The Euro maintained a firm tone ahead of the New York open and extended the recovery to highs near 1.1850 as the dollar was unable to regain ground.

The Case Shiller house-price index increased 19.1% in the year to June from 17.1% previously, above market expectations of 18.5% and the strongest reading on record. The Chicago PMI index edged lower to 66.8 for August from 73.4 previously and slightly below consensus forecasts.

The Euro retreated after the Wall Street open with evidence of month-end position adjustment and it dipped sharply to 1.1800 against the dollar as the US currency recovered from 3-week lows. There was little net change on Wednesday with the Euro holding close to the 1.1800 level against the US currency.

JPY

The yen lost ground against the Euro ahead of Tuesday’s New York open and the dollar was only marginally lower with resistance close to the 110.00 level.

Consumer confidence dipped sharply to 113.8 for August from a revised 125.1 previously and well below market expectations of 124.0. This was the lowest reading since February with a decline in the current conditions and expectations components.
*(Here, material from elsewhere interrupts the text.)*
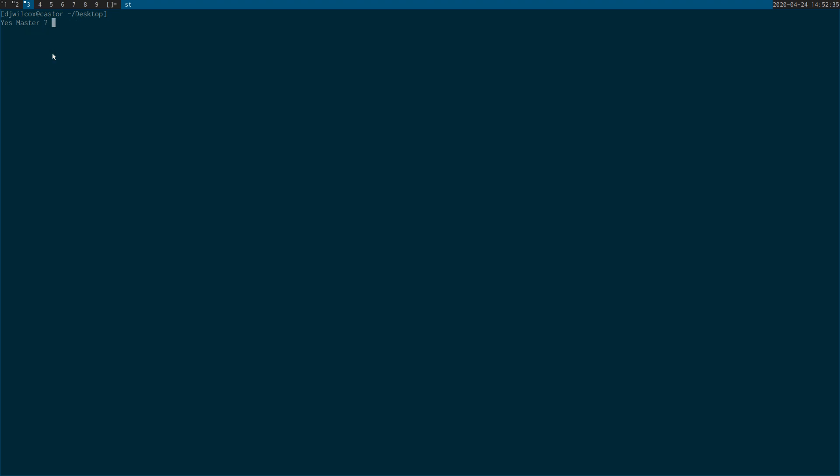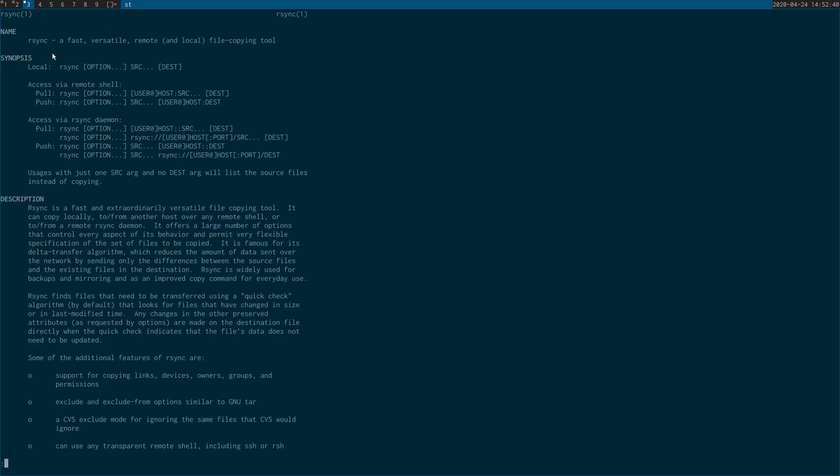So what you want to be doing is using rsync instead. So first of all, man rsync and read the manual and the options that you can use.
Risk appetite was less confident following the US consumer confidence data with equities losing ground and the yen also gained fresh support on the crosses with month-end position adjustment in focus. The dollar dipped to lows around 109.60 before a sharp recovery to around 110.00 amid dollar demand into the fix.

Japan’s manufacturing PMI index edged lower to 52.7 for August from 53.0 previously, but above market expectations as supply-side issues continued.
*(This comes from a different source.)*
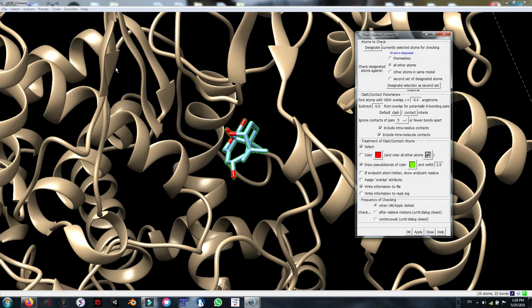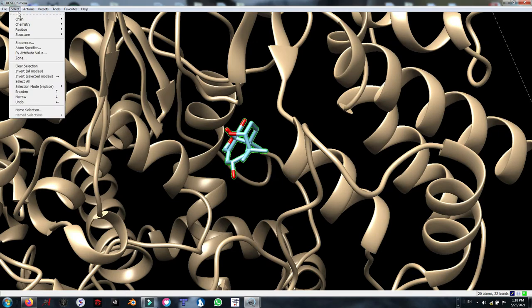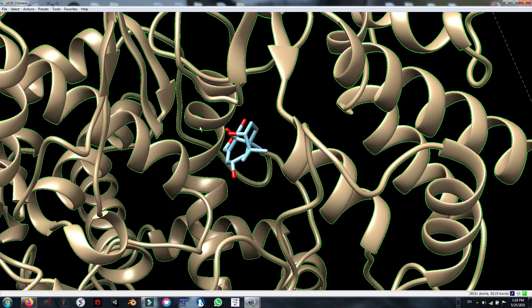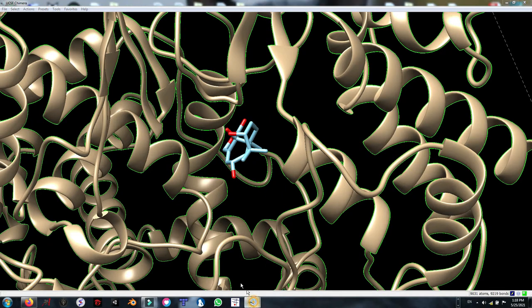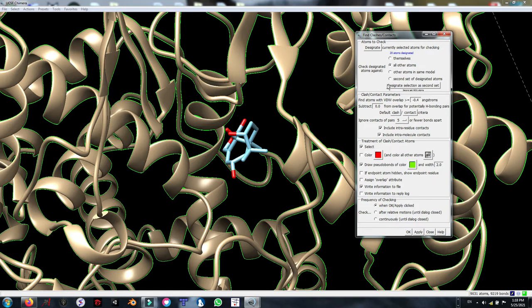Now we are going to invert the selection. By clicking invert selection, I am going to select all other molecules than ligands. As you can see the ligand is deselected. Now I am going to designate my receptor's atoms as a second model. It contains 9031 atoms.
China’s Caixin PMI manufacturing index dipped into contraction territory with a 16-month low of 49.2 from 50.3 previously and below consensus forecasts of 50.2.
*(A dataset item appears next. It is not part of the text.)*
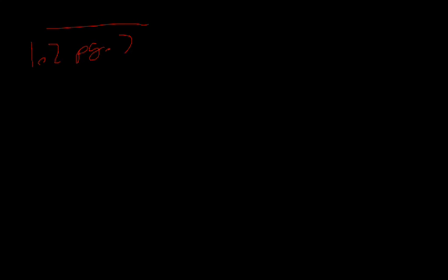Hello and welcome to the third IGCSE Maths tutorial. Today we're going to be covering sequences. We need to turn to page seven, this is exercise one point one point two, and we should see write down each sequence and find the next two numbers.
Overall risk appetite held firm during the Asian session which limited potential yen demand and the dollar advanced to 110.20 with the Euro close to 130.0.

GBP

UK mortgage approvals declined to 75,100 in July from a revised 80,300 the previous month and below market expectations of 78,500. There was a sharp reversal in mortgage lending following June’s tax-related surge with overall lending contracting by £1.4bn on the month. There was also a renewed decline in consumer credit on the month which suggested underlying caution surrounding consumer spending and reinforced doubts whether the overall UK economic recovery would be sustained.

Sterling was unable to hold above 1.3800 against the dollar as the US currency recovered ground, but was broadly resilient despite a dip in risk appetite and the Euro corrected to around 0.8580 after hitting resistance at 0.8600. Sterling struggled to gain sustained support amid further reservations over the domestic outlook and it traded around 1.3740 against the dollar while the Euro held firm just below 0.8590.

CHF

The Swiss franc initially posted gains on Tuesday with the Euro retreating to lows near 1.0780. There was, however, a reversal towards the Euro close with the Euro strengthening to 1.0820 while the dollar also recovered to 0.9160 from lows around 0.9115.

The franc was unable to gain support from weaker risk conditions as month-end position adjustment tended to dominate. The franc lost ground on Wednesday with the Euro strengthening to near 1.0840 while the dollar advanced to near 0.9180 as global risk appetite held firm.